When reading these articles, I became slightly disheartened, but upon further thinking I believe that this is only natural, given that this is the first time Ireland has had to deal with these issues and it will take some time for everybody, the immigrants and indigenous people alike, to adapt.
I feel it is important to note that Ireland, unlike some other well – known countries, is far from institutionally racist. There are no systems, that I know of, put in place to stop black people or anybody else climbing any socio – economic ladders, we are not being incarcerated at an unfair rate nor is our relationship with the police noted as being bad or dysfunctional. The future looks bright if not multi – coloured.
To conclude this article I would, if I may, like to give a piece of advice to this new Ireland we find ourselves in. There is a James Baldwin quote that I have been thinking about recently. It involves people in America after the civil rights movement being “segregated from the schoolhouse door.” By this he meant that there was, at this time, no serious or official segregation being enforced, but people still did not dare to go and see how others lived. “Therefore, he doesn’t know – he really does not know – what it was like for me.”

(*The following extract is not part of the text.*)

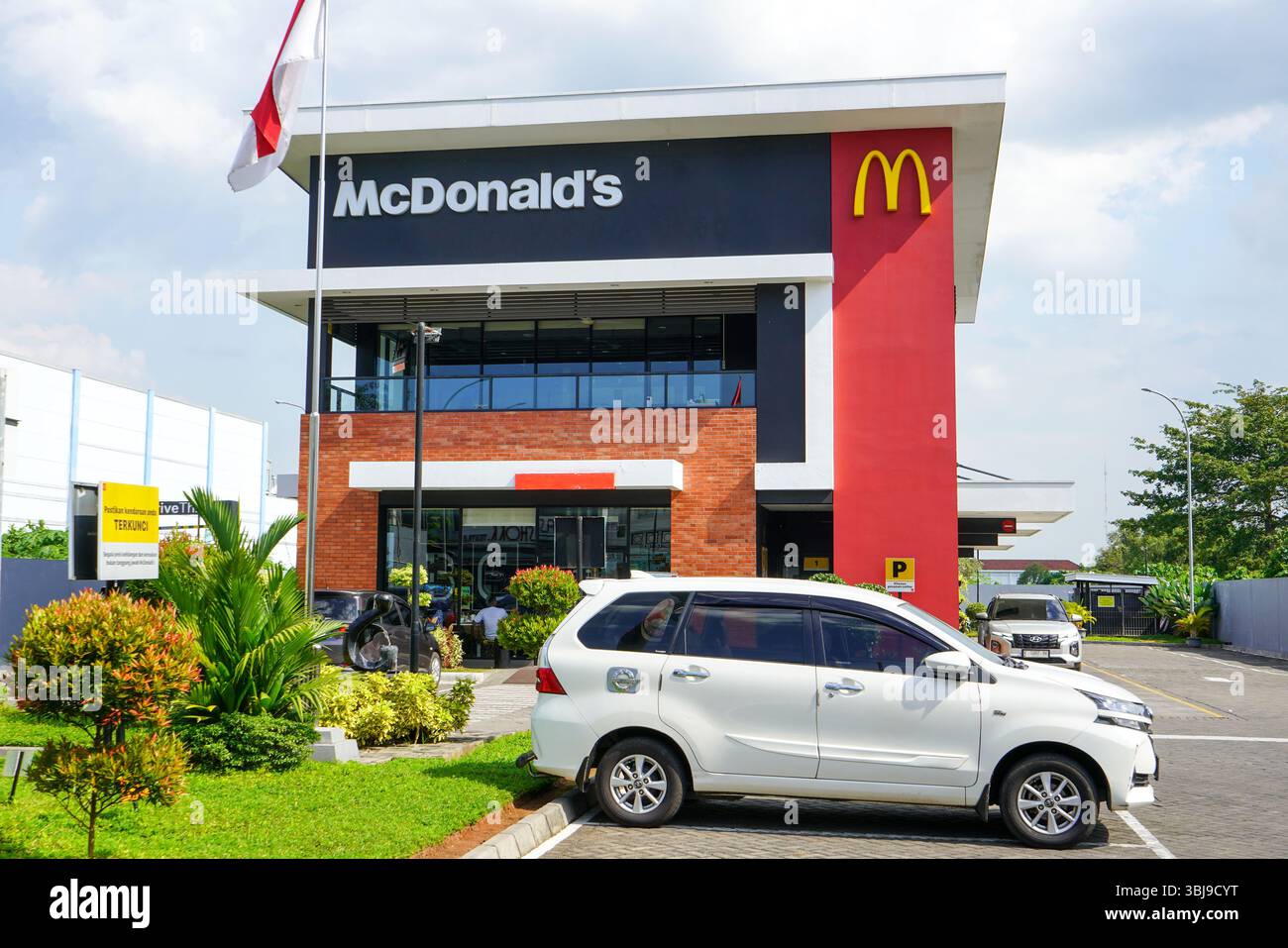 McDonald's Corporation ist ein amerikanisches Fast-Food-Restaurant. Franchise-Unternehmen verkauft Hamburger, Hühnchen, Hühnchen-Sandwiches und Pommes frites. Stockfoto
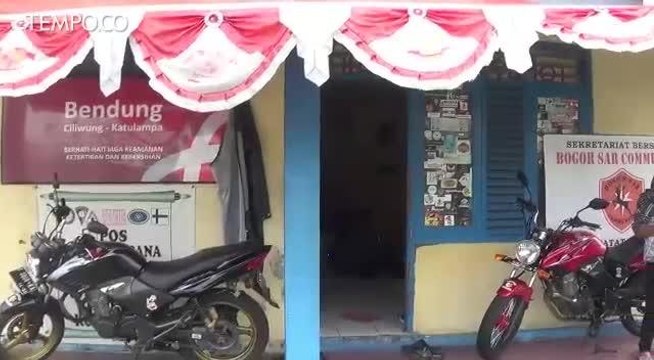 Bendung Katulampa yang dikabarkan jebol, hanya berstatus siaga IV pada Kamis sore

I think it is important that we make sure this does not happen here. Especially when we as the Irish have nothing to base this on, apart from xenophobia or laziness. I really feel if this idea of people not understanding or being scared to experience new cultures becomes prevalent in Ireland, we will really be missing out. Attitudes of “us” and “them” would quickly become very harmful, but fortunately, this is not something I have noticed amongst Irish people.
So, I urge everybody reading this to run out and experience a new culture or speak to somebody who has a different heritage. Just don’t assume that they are a refugee because they are black. They might just be an immigrant, you know like the Irish are famous for being! You never know what you might see or learn, remember knowledge is power.